[Start of section]
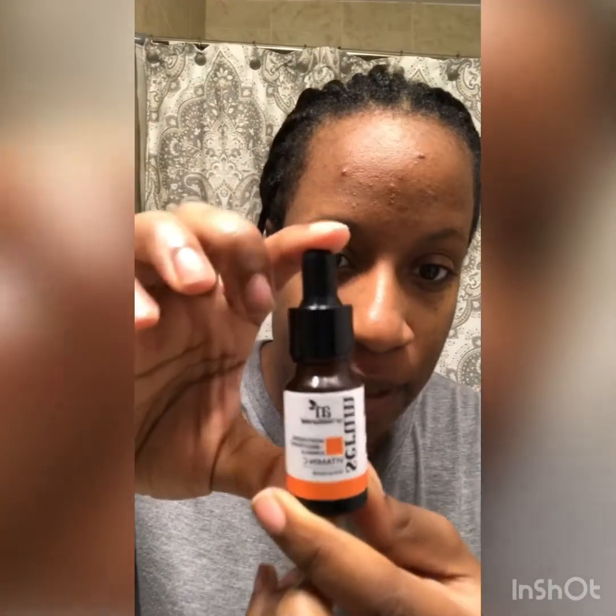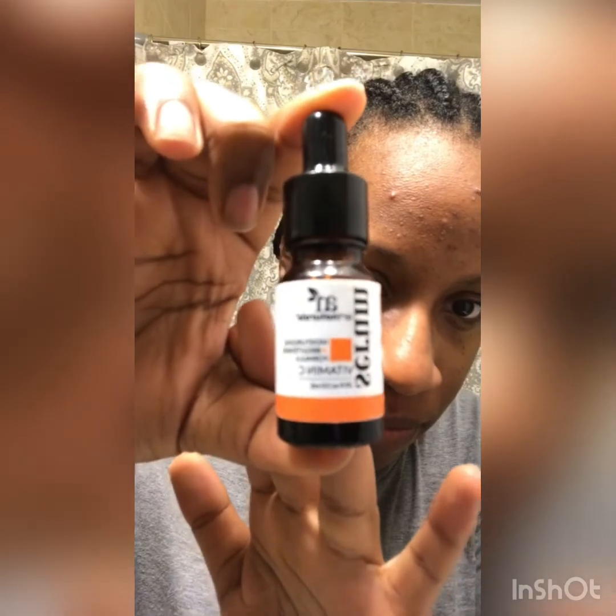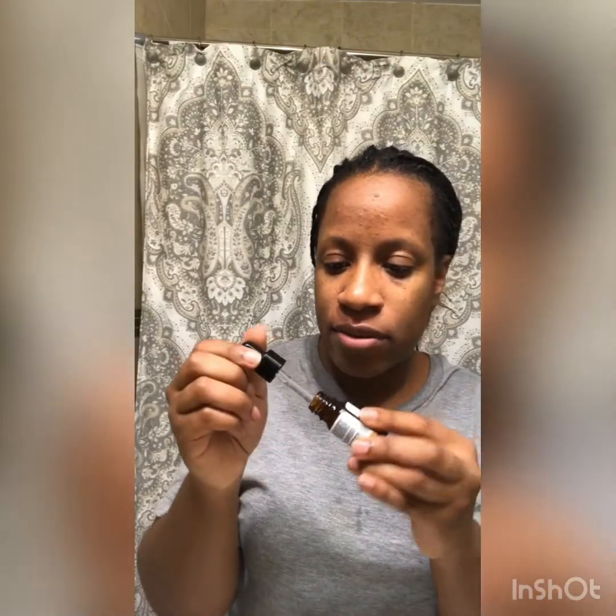Next I'm going to put on the vitamin C serum. I love this — I'm so glad I found this product, it just makes my face feel so good. When I put on my serum, I don't rub it in like this. I use this patting method because I've learned that by doing this you are allowing the serum to seep into your skin properly and gradually have nice contact with the skin.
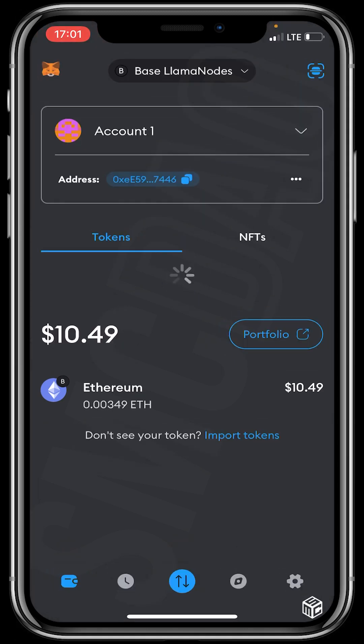After adding the network, fund your wallet with some ETH Base. You can see that I've funded my wallet with $10 worth of Ethereum Base. There's a video on how to fund your wallet with Ethereum Base if you don't know how to do that.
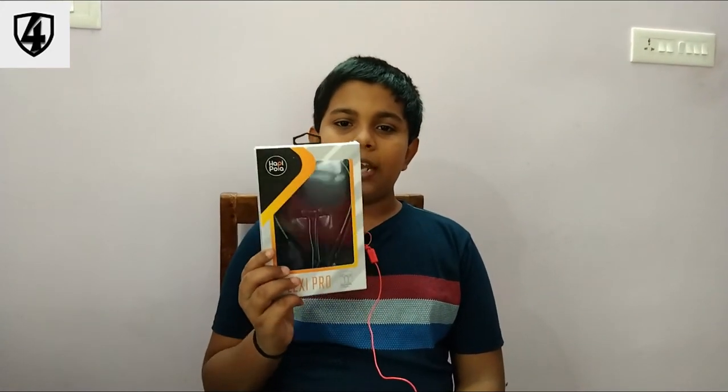Hey guys, I am Karthik and welcome back to our channel For Techies. This is a video about the unboxing of Happy Polar Flexi Pro Neckband.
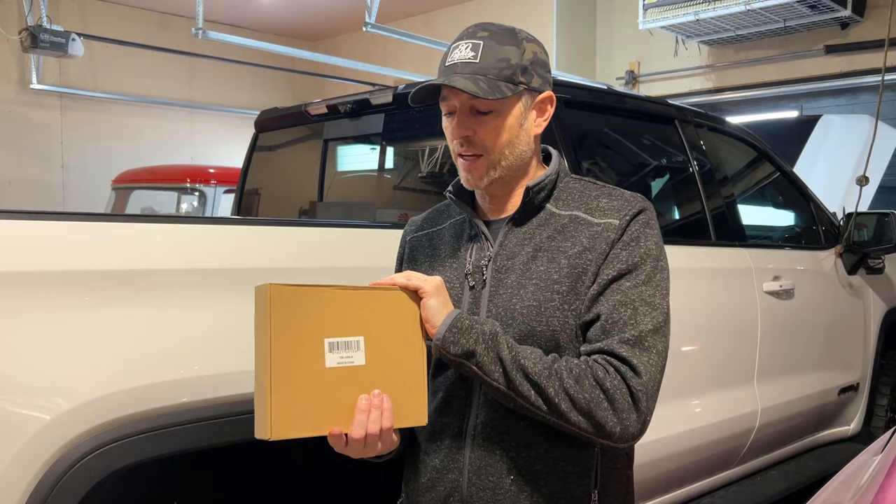Welcome back to Dawn's Life. Welcome to the channel. Thanks for joining today. This video I've partnered with Nylight — we are going to put some LED strips in the bed of my GMC Sierra AT4. Let's go.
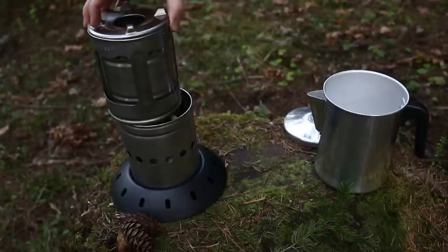Now you can slide the Firefly into its carry bag or store it within your coffee pot as I do here. That's it.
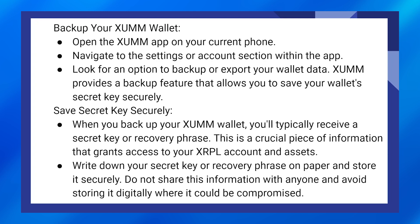When you backup your Zoom wallet, you will typically receive a secret key or recovery phrase. This is a crucial piece of information that grants access to your XRPL account and assets. Write down your secret key or recovery phrase on paper and store it securely.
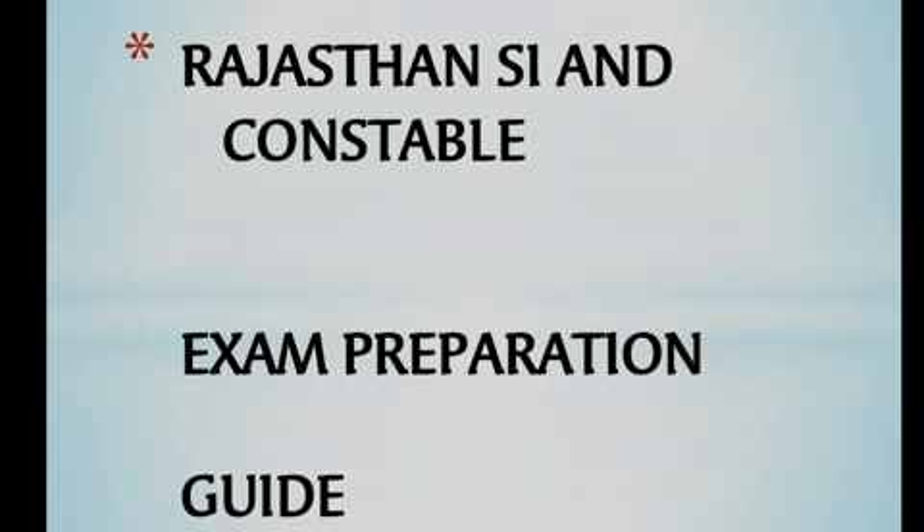In Hindi, you need to focus on key topics and important concepts. This is very important for the written process. If you have Hindi notes or a guide book, you can use that for your preparation.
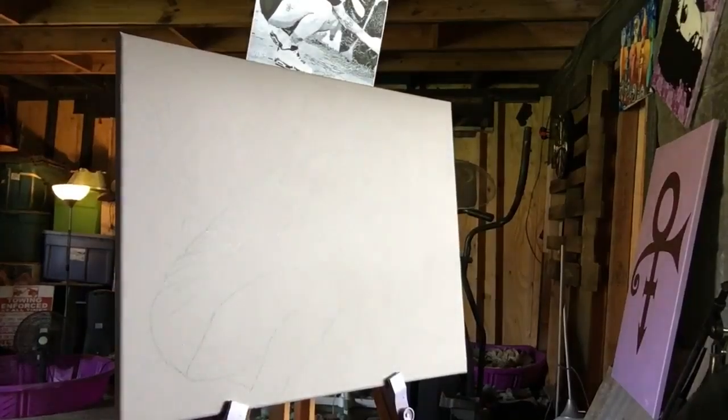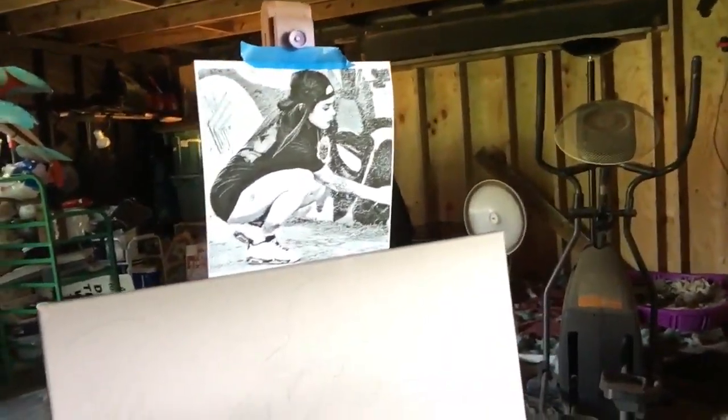I've got the sketch done — can you see that now with the big shadow of my head in the way? There's the photo I just printed, sketched it, and now I'm gonna go ahead and paint it. After the painting of her crouched down like she's graffiting on the wall, I'm gonna add what the painting was originally supposed to be — and that's faith, hope, and love.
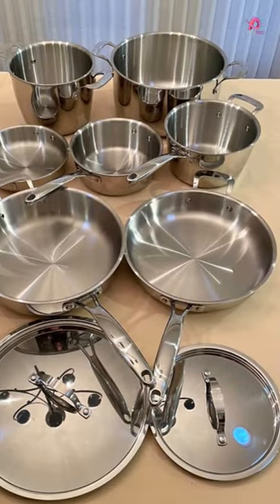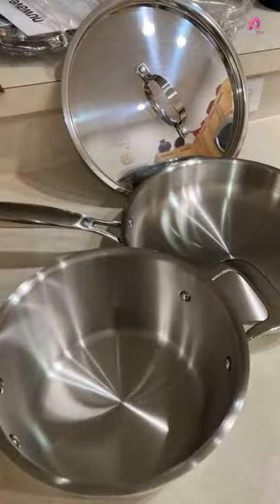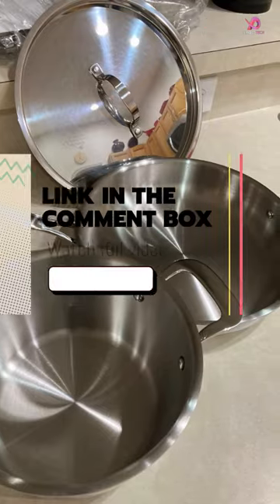The triply construction of this cookware set is made up of a 3.1mm thick, triply warp-free construction with an aluminum core.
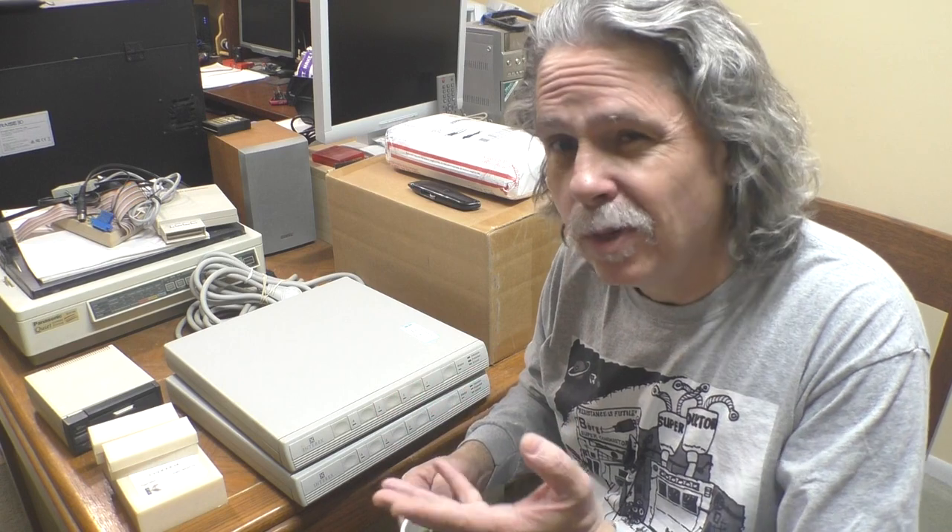Ferengi Friday is where we take a look at all the recent acquisitions that have recently made their way into the shop. Remember, the 64th rule of acquisition clearly states that vintage computers are always a wise investment. Grab yourself a cup of coffee or some snail juice and let's jump right in.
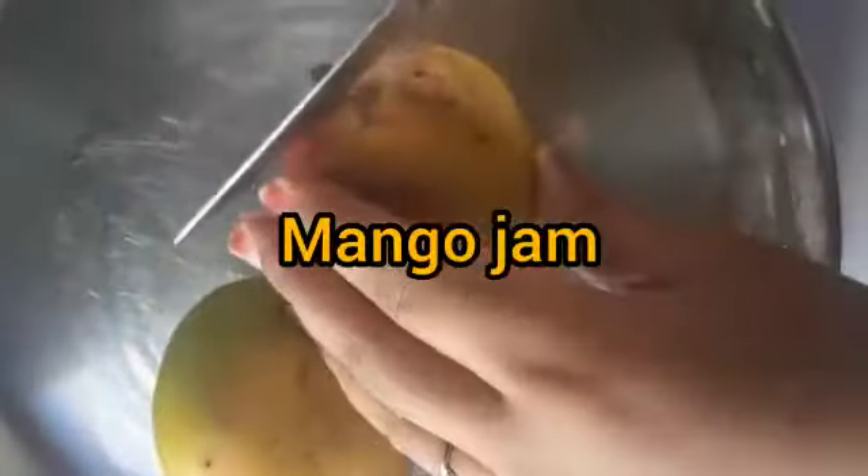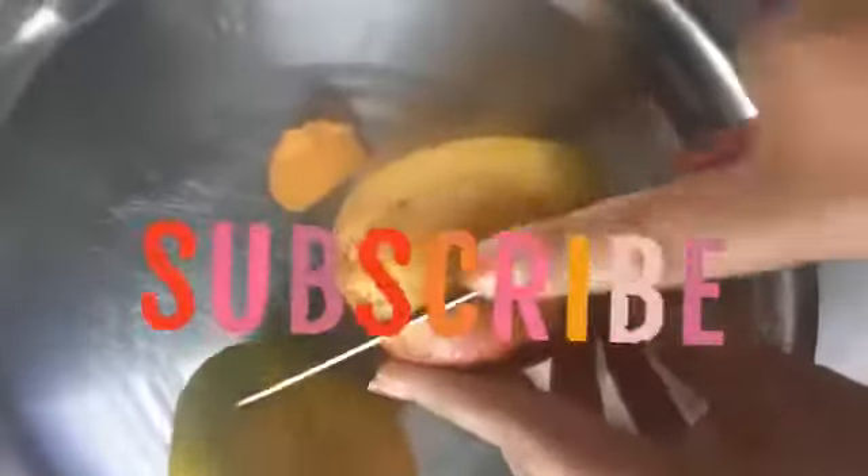Hey guys, welcome back to my channel Twinkling Poggers. This video is going to be about how to make easy mango jam. I will share this video with you. This is a very easy video.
[End of section]
WHAT YOU WILL DO:
Reproduce the listing word for word. Do not carry over the pictures.

RESULT FOR THIS EXERCISE:
Next I'm going to put on the vitamin C serum. I love this — I'm so glad I found this product, it just makes my face feel so good. When I put on my serum, I don't rub it in like this. I use this patting method because I've learned that by doing this you are allowing the serum to seep into your skin properly and gradually have nice contact with the skin.
After adding the network, fund your wallet with some ETH Base. You can see that I've funded my wallet with $10 worth of Ethereum Base. There's a video on how to fund your wallet with Ethereum Base if you don't know how to do that.
Hey guys, I am Karthik and welcome back to our channel For Techies. This is a video about the unboxing of Happy Polar Flexi Pro Neckband.
Welcome back to Dawn's Life. Welcome to the channel. Thanks for joining today. This video I've partnered with Nylight — we are going to put some LED strips in the bed of my GMC Sierra AT4. Let's go.
Now you can slide the Firefly into its carry bag or store it within your coffee pot as I do here. That's it.
When you backup your Zoom wallet, you will typically receive a secret key or recovery phrase. This is a crucial piece of information that grants access to your XRPL account and assets. Write down your secret key or recovery phrase on paper and store it securely.
In Hindi, you need to focus on key topics and important concepts. This is very important for the written process. If you have Hindi notes or a guide book, you can use that for your preparation.
I've got the sketch done — can you see that now with the big shadow of my head in the way? There's the photo I just printed, sketched it, and now I'm gonna go ahead and paint it. After the painting of her crouched down like she's graffiting on the wall, I'm gonna add what the painting was originally supposed to be — and that's faith, hope, and love.
The triply construction of this cookware set is made up of a 3.1mm thick, triply warp-free construction with an aluminum core.
Ferengi Friday is where we take a look at all the recent acquisitions that have recently made their way into the shop. Remember, the 64th rule of acquisition clearly states that vintage computers are always a wise investment. Grab yourself a cup of coffee or some snail juice and let's jump right in.
Hey guys, welcome back to my channel Twinkling Poggers. This video is going to be about how to make easy mango jam. I will share this video with you. This is a very easy video.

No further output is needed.